Presentation date: Thursday 29 November 2018
Presentation title: Beyond the tyranny of content – reframing our teaching using inclusive practices and critical thinking as essential foundations for learners in the 21st Century
Presentation description: In this talk I will reflect on my own teaching practice and how it has influenced my approach to my new role. I will also highlight two themes which I hope might provoke discussion amongst the audience. Firstly, how to make the learning environments and the curriculum more inclusive for all New Zealanders, and secondly how teaching and learning need to be reframed in the age of ready access to information and miss-information.

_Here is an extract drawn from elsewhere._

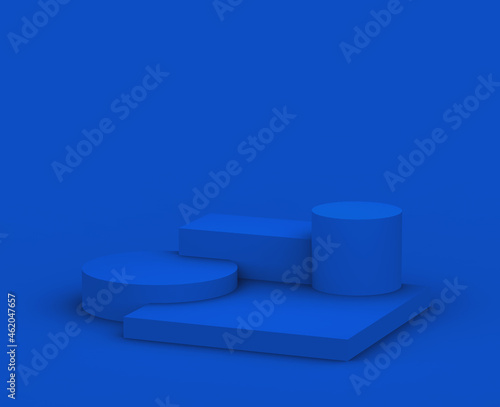 3d blue podium modern minimal design in studio background. Abstract 3d geometric shape object illustration render. Display for valentine product.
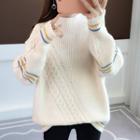 Contrast-trim Mock Neck Cable-knit Sweater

Presentation date: Friday 30 November 2018
Presentation title: Teaching to the North East
In our attempts to improve Maori and other Indigenous and Marginalised students’ educational outcomes, there are a number of problems that we need to address if we are to make progress that is sustainable. These problems include;
- There are no theories of practice that resonate with marginalised peoples,
- There are no common code of practice or scaling,
- There is a plague of ‘good ideas’ that masquerade as evidence-based practice,
- Most PLD is ineffective, open to political positioning and focuses on peripheral rather than central concerns,
- Teachers’ voice and understandings are heard more often than students,
- Culture is most often seen as customs and objects, rather than as a medium or sense-making processes,
- Leadership is often spoken about in terms of transforming practices rather than in relation to student outcomes.
My plan for the presentation is to illustrate each point with evidence from my own research and from an effective, large-scale, evidence-based education reform project I originated and directed in New Zealand; Te Kotahitanga. I will be demonstrating: how the theory of relationship-based pedagogy, that resonates with Maori as an Indigenous people and promotes student ‘voice,’ was developed out of my own doctoral research; how the Te Kotahitanga Effective Teaching Profile (ETP) was developed as culturally responsive pedagogy where culture is seen as sense and meaning-making that promotes a common code of practice; how the GPILSEO model that aimed to support pedagogic/instructional leaders to create the context within which the ETP can be implemented effectively was developed.
I will identify the main features of the profile and illustrate how the three main parts interact. I will conclude with evidence that illustrates how when ALL educators implement ALL parts of the profile, no matter their level within education, we see relationship-based learning become integral to the ongoing business of schooling with consequent implications for student achievement and the sustainability of achievement gains.